I started a post a month ago while at SocialDevCamp Chicago regarding my feeling of being the only Mom in a see of young, single, kidless, time rich men and women in the Web industry. How would I ever compete? How would I ever know as much? Maybe I shouldn’t even bother, I thought. Those thoughts didn’t last as long as it would have taken me to finish that blog post, so I never did get to hit Publish.
But yesterday the flame was rekindled. I stumbled on an article by a married but kidless female entrepreneur clearly stating her opinion (though it sure sounded like fact, didn’t it?) that if you have children, you can’t run a startup. Insert “punch to the gut” feeling here. I mean, the author is clearly a successful entrepreneur and admits that if she had kids that something she does now wouldn’t get done then. But how in the world can she blast to her readers something that she has only half-experienced? Start-up: check! Children: oh wait… Clearly she hasn’t tried running a startup with children and apparently hasn’t asked around enough to find people that have.
I’ll admit that this hit me extra hard at a delicate time in my personal and professional life. I’m four years into at-home mom and two years into the Web industry. I’m burnt out on 14 hours a day with kids and 5 hours a day to pursue professional interests (and therefore not much sleep). I’m ready for some change, some balance. And I’m ready to pull together my team and rally for financial backing to make my professional dreams come true. But then I just read that I can’t run a start-up. You know, because I have kids.

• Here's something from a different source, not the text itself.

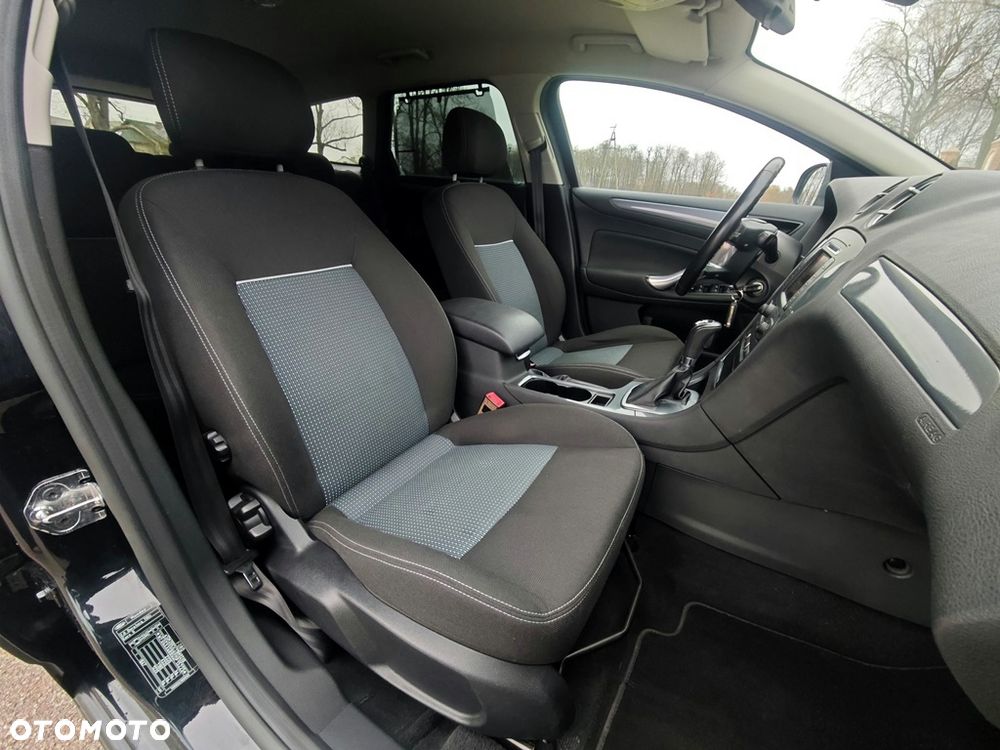 Ford Mondeo 2.0 TDCi Champions Edition - 31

Now those of you that know me know that reading this article won’t stop me. I’m better than that. I work effectively, have already had great career success, and have a support system around me to help make it all come together. Will I make it all work? Only time will tell, but I feel like the odds are in my favor, kids or not.
So I’d love to hear from you, successful parents and entrepreneurs. How did you do it? What did you have to sacrifice to make it all happen? What advice do you have for other parents that don’t want to drop their professional dreams?